One afternoon when the chairman of the Friends of Margravine Cemetery delivered a plan of the trees in the cemetery, as I had requested, I was very obviously asleep on the sofa in the front window.

Subsequently when thanking her I apologised, saying I she had caught me taking forty winks in the guardroom. The look she exchanged with me was worthy of a Wodehouse aunt. My brother, now eighty, taught me the expression and you don’t get to live so long and be so healthy without taking 40 ws in the gr of an afternoon. Indeed, a great niece told me on Sunday how competitive he still is on a tennis court. I cherish the memory of his trying to burn me off on hired ‘cycles in Mayo on a day when the fishing was hopeless. Although an unfit city slob he didn’t take into account my eleven years advantage.

But I digress. The tree planting in Margravine Cemetery is admirable and I must ask the chairman who is responsible, very likely herself. There are a few specimen trees that will be of significant interest to future generations. It is fast becoming a small arboretum as well as a functioning cemetery and recreational area. The latest I have noticed is a Pinus wallichiana. It doesn’t look much now but golly it will.

Pinus wallichinia, Margravine Cemetery, December 2023.

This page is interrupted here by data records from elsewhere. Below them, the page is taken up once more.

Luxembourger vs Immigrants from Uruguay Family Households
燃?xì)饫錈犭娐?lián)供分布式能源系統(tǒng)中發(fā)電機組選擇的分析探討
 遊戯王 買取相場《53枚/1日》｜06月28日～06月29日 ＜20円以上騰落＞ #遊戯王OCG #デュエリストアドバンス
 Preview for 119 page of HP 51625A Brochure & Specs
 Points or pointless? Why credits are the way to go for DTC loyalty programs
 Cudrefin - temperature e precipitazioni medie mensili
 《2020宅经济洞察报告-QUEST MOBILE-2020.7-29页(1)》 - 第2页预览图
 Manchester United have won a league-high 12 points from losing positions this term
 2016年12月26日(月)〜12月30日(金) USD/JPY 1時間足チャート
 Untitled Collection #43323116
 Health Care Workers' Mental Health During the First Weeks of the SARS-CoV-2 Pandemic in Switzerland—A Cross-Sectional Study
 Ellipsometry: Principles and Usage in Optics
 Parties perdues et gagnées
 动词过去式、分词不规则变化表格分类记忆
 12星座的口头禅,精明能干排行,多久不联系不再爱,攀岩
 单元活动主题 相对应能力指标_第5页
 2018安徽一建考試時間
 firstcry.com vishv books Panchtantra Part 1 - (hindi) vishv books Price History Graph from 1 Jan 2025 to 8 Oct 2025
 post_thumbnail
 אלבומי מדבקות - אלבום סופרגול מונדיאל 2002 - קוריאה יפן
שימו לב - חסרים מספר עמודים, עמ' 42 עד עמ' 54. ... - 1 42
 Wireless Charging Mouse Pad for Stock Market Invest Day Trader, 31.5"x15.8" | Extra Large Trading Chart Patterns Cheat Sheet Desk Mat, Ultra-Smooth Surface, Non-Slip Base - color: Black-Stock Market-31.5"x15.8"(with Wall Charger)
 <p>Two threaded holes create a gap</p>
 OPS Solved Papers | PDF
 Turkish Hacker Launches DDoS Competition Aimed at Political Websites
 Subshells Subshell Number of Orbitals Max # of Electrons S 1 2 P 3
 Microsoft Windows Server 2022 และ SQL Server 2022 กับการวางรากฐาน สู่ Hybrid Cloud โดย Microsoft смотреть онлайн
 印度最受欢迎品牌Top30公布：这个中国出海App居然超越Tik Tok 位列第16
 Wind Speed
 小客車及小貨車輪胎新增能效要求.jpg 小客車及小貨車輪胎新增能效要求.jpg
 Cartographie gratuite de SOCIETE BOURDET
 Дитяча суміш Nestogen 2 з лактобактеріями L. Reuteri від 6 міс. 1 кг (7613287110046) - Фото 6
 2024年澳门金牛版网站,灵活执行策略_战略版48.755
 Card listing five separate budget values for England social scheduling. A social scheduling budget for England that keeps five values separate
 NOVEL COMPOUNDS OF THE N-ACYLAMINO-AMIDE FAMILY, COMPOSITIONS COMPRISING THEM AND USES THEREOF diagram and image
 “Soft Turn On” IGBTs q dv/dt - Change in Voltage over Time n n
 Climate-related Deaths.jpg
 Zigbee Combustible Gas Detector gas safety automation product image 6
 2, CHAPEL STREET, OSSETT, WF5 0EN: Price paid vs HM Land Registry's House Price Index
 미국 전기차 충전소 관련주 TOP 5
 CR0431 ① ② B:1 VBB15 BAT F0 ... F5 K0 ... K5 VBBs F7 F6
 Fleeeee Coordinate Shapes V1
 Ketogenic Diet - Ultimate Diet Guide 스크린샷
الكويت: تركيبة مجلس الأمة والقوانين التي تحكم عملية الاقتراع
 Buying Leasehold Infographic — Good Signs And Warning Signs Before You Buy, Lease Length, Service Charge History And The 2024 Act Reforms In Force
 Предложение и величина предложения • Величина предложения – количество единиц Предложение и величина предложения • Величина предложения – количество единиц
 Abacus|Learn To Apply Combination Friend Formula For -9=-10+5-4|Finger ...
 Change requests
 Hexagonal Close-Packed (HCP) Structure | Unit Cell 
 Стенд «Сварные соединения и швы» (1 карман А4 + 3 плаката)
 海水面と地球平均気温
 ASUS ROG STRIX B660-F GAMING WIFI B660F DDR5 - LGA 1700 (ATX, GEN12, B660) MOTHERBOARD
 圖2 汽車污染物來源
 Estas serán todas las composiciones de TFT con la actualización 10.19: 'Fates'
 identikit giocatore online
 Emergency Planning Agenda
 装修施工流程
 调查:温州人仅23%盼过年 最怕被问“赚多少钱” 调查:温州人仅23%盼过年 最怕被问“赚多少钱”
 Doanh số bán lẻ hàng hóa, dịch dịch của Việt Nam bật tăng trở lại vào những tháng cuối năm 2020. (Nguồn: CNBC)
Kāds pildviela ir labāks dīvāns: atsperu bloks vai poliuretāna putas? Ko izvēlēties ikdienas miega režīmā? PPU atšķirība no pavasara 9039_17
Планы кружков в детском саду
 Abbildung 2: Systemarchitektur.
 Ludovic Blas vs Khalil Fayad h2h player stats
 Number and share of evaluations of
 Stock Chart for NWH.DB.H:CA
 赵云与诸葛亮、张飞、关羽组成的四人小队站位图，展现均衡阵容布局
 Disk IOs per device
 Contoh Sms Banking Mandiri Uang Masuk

It “is a coniferous evergreen tree native to the Himalaya, Karakoram and Hindu Kush mountains, from eastern Afghanistan east across northern Pakistan and north west India to Yunnan in southwest China. It grows in mountain valleys at altitudes of 1800–4300 m (rarely as low as 1200 m), reaching 30–50 m (98–164 ft) in height. It favours a temperate climate with dry winters and wet summers. In Pashto, it is known as Nishtar” (Wikipedia)

Here is what it might look like.

Pinus wallichinia, aka Bhutan Pine.

3 comments

  1. If it needs wet summers then I rather fear for the little pine but, as a symbol of optimism, what better place than a cemetery? Hope springs eternal…

    1. Caroline, realistically I cannot expect to see this tree in its pomp but when I visit Dulwich Picture Gallery I will make a small detour to see a mature specimen in Dulwich Mead – lovely name redolent of Miss Marple.